Die Tür wurde geöffnet, und Laura, eine langjährige Kundin von Penns Firma, kam herein.

Laura war älter als ich, etwa Ende fünfzig. Wir kannten uns schon eine Weile, und sie war immer sehr nett zu mir gewesen, auch wenn ich in vielen Situationen seltsam und ungeschickt rüberkam.

»Ist alles in Ordnung, meine Liebe?«, fragte Laura mit ernstem Gesicht. In ihre dunkelbraunen Haare hatten sich die ersten grauen Strähnen gemischt, und wenn sie lächelte, konnte man es körperlich spüren.

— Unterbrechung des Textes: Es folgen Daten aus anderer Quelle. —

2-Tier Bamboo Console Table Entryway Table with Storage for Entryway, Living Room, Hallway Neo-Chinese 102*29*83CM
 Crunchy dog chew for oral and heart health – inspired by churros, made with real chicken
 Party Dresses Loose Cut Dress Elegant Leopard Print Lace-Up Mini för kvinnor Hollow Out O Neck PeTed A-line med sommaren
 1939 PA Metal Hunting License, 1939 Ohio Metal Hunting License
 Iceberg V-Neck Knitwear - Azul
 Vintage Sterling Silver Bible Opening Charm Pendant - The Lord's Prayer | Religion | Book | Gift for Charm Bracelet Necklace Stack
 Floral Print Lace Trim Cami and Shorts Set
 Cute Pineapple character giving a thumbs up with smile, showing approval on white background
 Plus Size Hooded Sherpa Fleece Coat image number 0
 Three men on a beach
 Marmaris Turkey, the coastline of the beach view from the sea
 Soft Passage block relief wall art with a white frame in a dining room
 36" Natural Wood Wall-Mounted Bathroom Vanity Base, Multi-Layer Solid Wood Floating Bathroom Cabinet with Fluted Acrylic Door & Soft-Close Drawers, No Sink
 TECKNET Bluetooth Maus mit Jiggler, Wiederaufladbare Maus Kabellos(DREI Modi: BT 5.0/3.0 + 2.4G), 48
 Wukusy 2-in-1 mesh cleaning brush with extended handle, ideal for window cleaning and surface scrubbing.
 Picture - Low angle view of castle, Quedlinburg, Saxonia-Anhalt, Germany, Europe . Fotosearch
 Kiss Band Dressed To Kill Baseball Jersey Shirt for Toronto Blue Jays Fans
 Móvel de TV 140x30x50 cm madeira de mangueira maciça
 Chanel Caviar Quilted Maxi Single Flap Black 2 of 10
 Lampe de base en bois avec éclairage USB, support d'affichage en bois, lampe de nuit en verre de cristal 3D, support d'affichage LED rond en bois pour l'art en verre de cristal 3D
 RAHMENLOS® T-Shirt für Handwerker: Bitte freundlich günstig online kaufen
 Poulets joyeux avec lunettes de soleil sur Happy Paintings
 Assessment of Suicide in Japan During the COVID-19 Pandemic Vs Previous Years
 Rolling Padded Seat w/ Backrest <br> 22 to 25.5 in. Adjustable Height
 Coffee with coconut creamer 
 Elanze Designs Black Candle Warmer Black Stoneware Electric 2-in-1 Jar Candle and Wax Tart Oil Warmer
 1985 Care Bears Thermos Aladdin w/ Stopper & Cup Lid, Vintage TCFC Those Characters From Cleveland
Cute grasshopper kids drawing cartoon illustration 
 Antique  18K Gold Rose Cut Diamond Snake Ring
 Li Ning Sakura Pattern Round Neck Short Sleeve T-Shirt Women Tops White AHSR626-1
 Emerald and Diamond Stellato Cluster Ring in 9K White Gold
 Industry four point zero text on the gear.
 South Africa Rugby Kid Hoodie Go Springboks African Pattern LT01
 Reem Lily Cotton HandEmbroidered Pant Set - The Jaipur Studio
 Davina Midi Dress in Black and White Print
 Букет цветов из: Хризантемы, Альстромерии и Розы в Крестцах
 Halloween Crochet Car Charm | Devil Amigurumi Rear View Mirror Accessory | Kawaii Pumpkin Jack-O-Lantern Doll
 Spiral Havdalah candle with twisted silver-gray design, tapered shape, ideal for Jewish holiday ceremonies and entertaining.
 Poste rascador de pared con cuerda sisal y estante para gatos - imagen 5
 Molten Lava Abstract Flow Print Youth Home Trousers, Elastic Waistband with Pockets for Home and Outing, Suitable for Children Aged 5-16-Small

Ich lachte leise und wischte mir, so gut es ging, die Tränen aus dem Gesicht. »Ja, entschuldigen Sie. Ich bin einfach zu …«

»Sie sind nicht zu emotional«, unterbrach sie mich und trat mit einem Papiertuch in der Hand zu mir. »Sie übertreiben kein bisschen. Ich habe selbst ein Kind verloren – es war eine Fehlgeburt, aber es war mein Kind, und ich wäre beinahe daran zerbrochen. Mein Mann war damals meine Rettung. Er war mein Fels in der Brandung. Ich will nicht neugierig sein, aber ich habe zufällig gesehen, wie Penn Sie eben behandelt hat. Sweetheart, seien Sie mir nicht böse, aber so sollte kein Mann seine Frau behandeln. Niemand sollte Ihnen gegenüber herablassend sein, wenn Sie am Boden liegen. Er sollte Ihnen aufhelfen, nicht nachtreten.«

Ich wollte etwas sagen, doch ich wusste nicht, wie.

Laura tupfte die Tränen von meinen Wangen und lächelte mir zu. »Wie gesagt, es geht mich nichts an, und Jonathon würde mich umbringen, wenn er wüsste, dass ich mich in anderer Leute Angelegenheiten mische, aber Sie verdienen es, wieder gesund zu werden, und Sie sollten über Ihre Tochter sprechen dürfen, ohne dafür gedemütigt zu werden. Erkennen Sie Ihren Wert. Und dann fordern Sie ruhig noch ein wenig mehr.«

Ich schluckte, als sich mich in den Arm nahm. Erst jetzt spürte ich, wie sehr ich genau das gebraucht hatte. Mein Körper schmolz in Lauras Umarmung hinein, und sie hielt mich fest, während ich in ihren Armen weinte.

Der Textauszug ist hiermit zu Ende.